I’ve recently converted a value type over into a reference type. I.e. i’ve converted a C# struct into a class. I’ve been able to write tests to measure the CPU performance overhead of using the reference version rather than the struct version. I did this by performing some intensive mathematical operations and measuring how long it took before and after the change. However, reference types have an additional cost associated with them given that they’re allocated on the heap and they involve the GC to get them cleaned up. However, I’m not sure how to measure the affect of this overhead. The test I was doing before doesn’t really apply because it only involved really short lived objects so you never really saw any memory increase, or churn, or page hits, or cache coherency issues. Can you think of good ways to try to test this impact? Some kind of realistic test that would let me know if there are any downsides to using this class instead of the original struct.
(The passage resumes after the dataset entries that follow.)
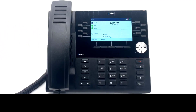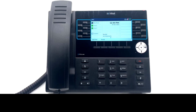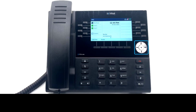If your system administrator enabled the functionality, you can program and edit programmed keys on your 6930 phone. Your programmed keys are found in the middle of your software screen. Each line presents an available key that can be programmed. A total of 12 keys per page, for a total of 72 keys, can be programmed. You can use the navigation wheel to move between pages.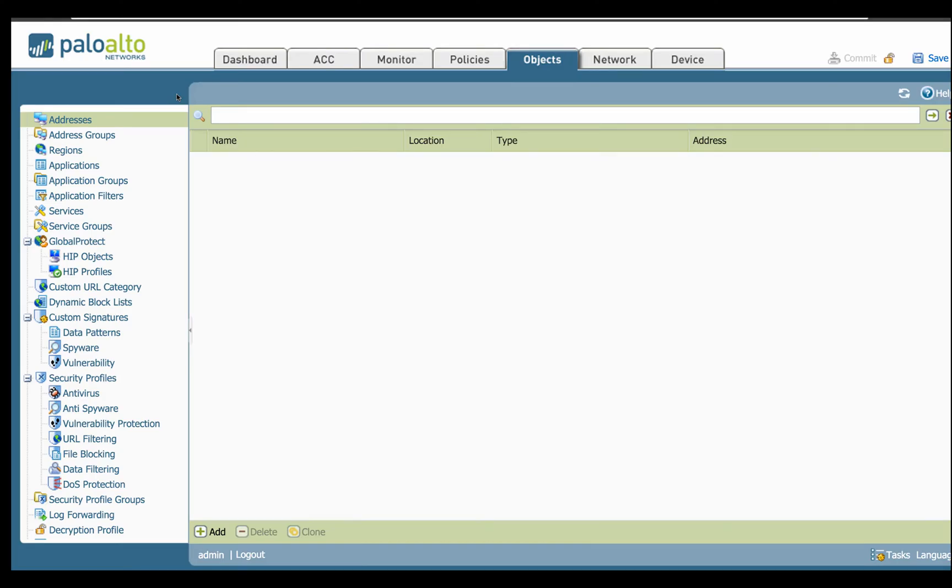Welcome to Lab 101. Today we're going to be talking about the Palo Alto, setting up objects as far as address, address groups, regions, and applications. And from there, once we have that configured, we'll go to the next step and talk about creating ACLs or policies.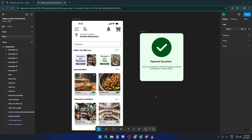Hey everyone, welcome back to the channel. Today I'm going to show you how to add a pop-up overlay modal in Figma, a simple technique that can instantly level up the interactivity of your designs. Whether you're trying to mimic real app behavior for a prototype, or just want to wow your teammates with polished user flows, by the end of this tutorial you'll know exactly how to set up beautiful, functional pop-ups right inside Figma.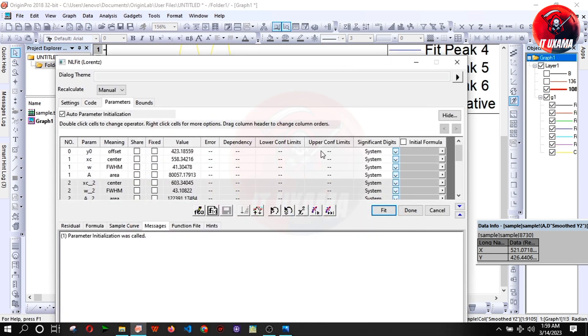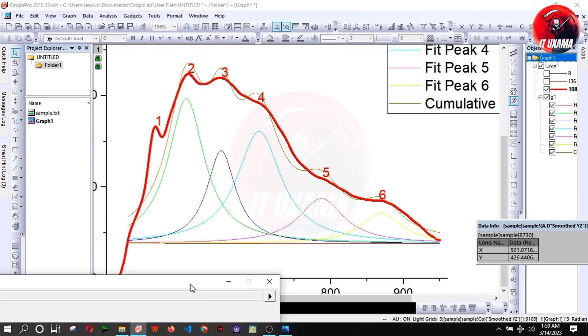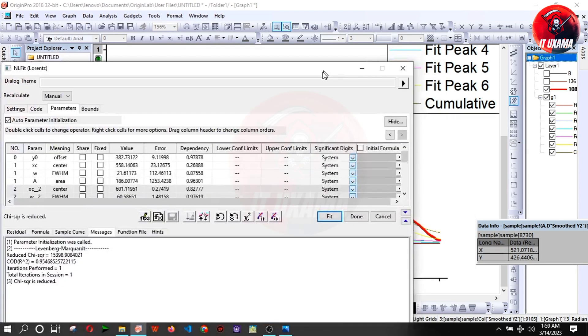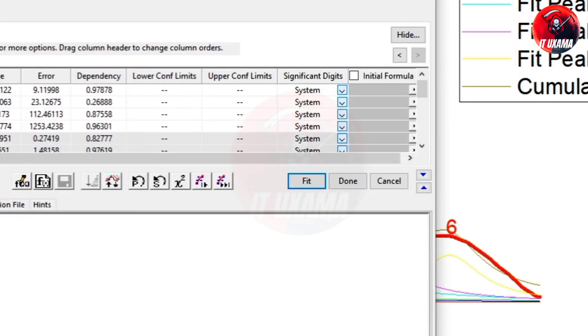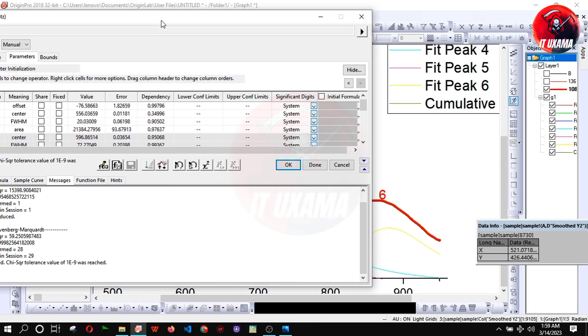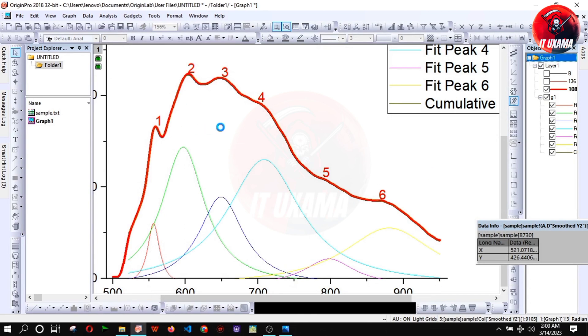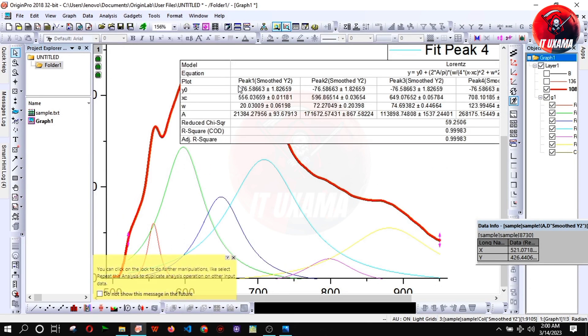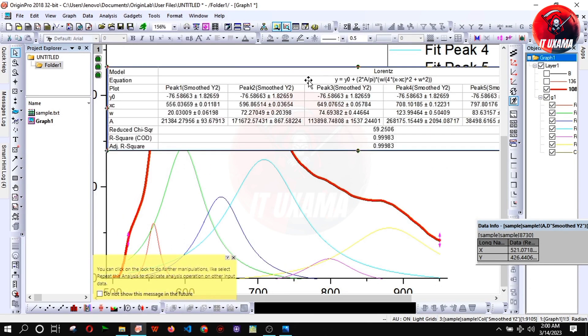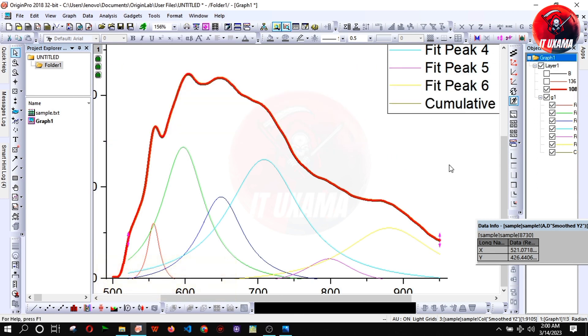Now we have to run the iterations until converge. We will also get the table including all information of fitting with equation. You can see the deconvoluted curve is perfectly on the real curve.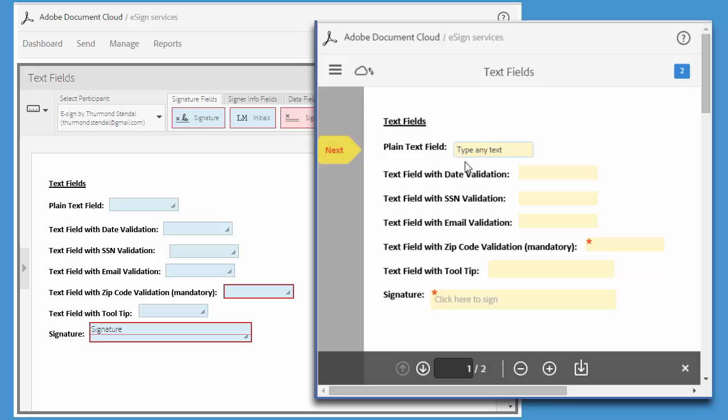The date validation requires the specified date format and it'll show a message if I don't conform to that format.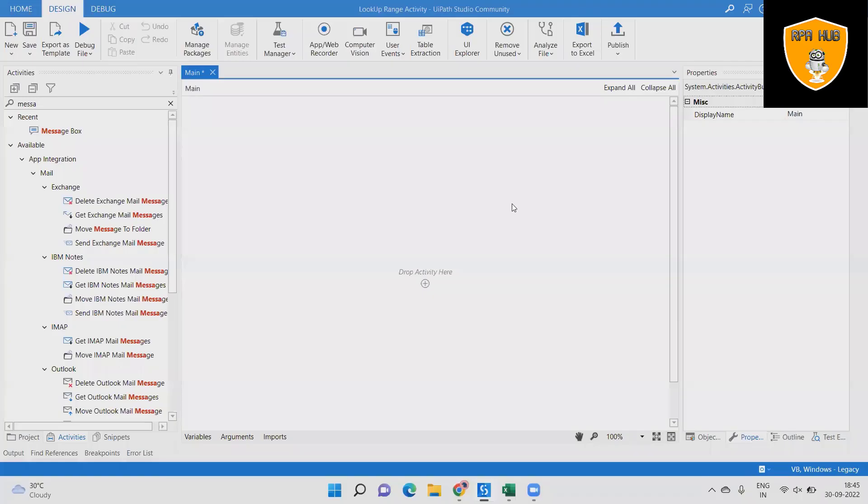Welcome to RPA Hub. In this video we will see about Lookup Range Activity in UiPath. Lookup Range Activity permits to search the values of the cell in the Excel sheet using the step in the Excel.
I have experience with CPU profiling to find hotspots, but I don’t have experience on the memory side of things. Tools would be preferred, but I’m certainly willing to take manual measurements.
Specifically I’ve been trying to measure the impact of using a class based implementation of Nullable<A> over a struct based one. I see there being a lot of compelling reasons to use the class based version (specifically because the programming model and semantics become to clear), however, in order to convince anyone we need to know all the tradeoffs involved. As class/structs behave differently in terms of local/heap storage and GC impact, that difference needs to be quantified so that when all factors are weighed we know realistically the cost of our choices.